Eiskalte Atome
Noch ein Nobelpreisträger zu Gast am Neckar
Der Nobelpreisträger Professor Wolfgang Ketterle mag es gerne kalt. Immerhin hält er den Weltrekord für die niedrigste jemals in einem Labor erzeugte Temperatur. Diese ist nur noch ein halbes Nanograd (0,0000000005 Grad) von der absoluten Tiefsttemperatur von Minus 273,15 Grad Celsius entfernt. Nun weilte der gebürtige Heidelberger zu Besuch an seiner ehemaligen Wirkungsstätte.

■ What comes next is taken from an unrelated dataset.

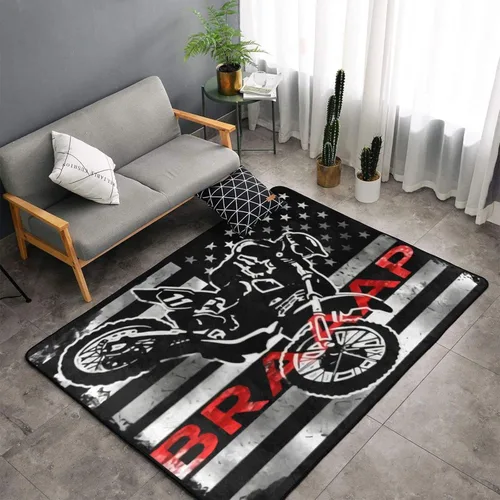 Vista 3 de Alfombra antideslizante de motocross con bandera estadounidense, 60 x 39 pulgadas, ultra suave, esponjosa, alfombra grande para dormitorio, sala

Wolfgang Ketterle in Heidelberg. |
Für seine Forschungen benötigt Wolfgang Ketterle unbedingt diese Kälte. Denn nur unter diesen Bedingungen ist es beispielsweise möglich, Materie in einen besonderen Zustand zu bringen, das so genannte Bose-Einstein Kondensat. Hierbei verhalten sich die Atome wie ein riesiges Superatom. Dieser Materie-Zustand wurde 1925 von dem indischen Physiker Satyendra Bose und Albert Einstein vorhergesagt. 1995 gelang es erstmals das Bose-Einstein Kondensat zu erzeugen und dafür bekamen die Physiker Carl Wieman, Eric Cornell und eben Wolfgang Ketterle 2001 den Physik-Nobelpreis.
Der gebürtige Heidelberger Ketterle war nun anlässlich des 65. Geburtstages von Professor Dr. Jürgen Wolfrum vom Physikalisch-Chemischen Institut an seine ehemalige Wirkungsstätte zurückgekehrt, wo er bis 1990 als Post-Doktorand tätig war. Von dort zog es ihn in die USA und zwar nach Boston an das renommierte Massachusetts Institute of Technology (MIT). Damit folgte er, wie Ketterle sich ausdrückt, der guten deutschen Wissenschaftler-Tradition, im Ausland Erfahrungen zu sammeln. Gleichzeitig bot sich damit für ihn die Möglichkeit, auf einem ganz neuen Forschungsgebiet tätig zu werden, nämlich der Tieftemperaturphysik.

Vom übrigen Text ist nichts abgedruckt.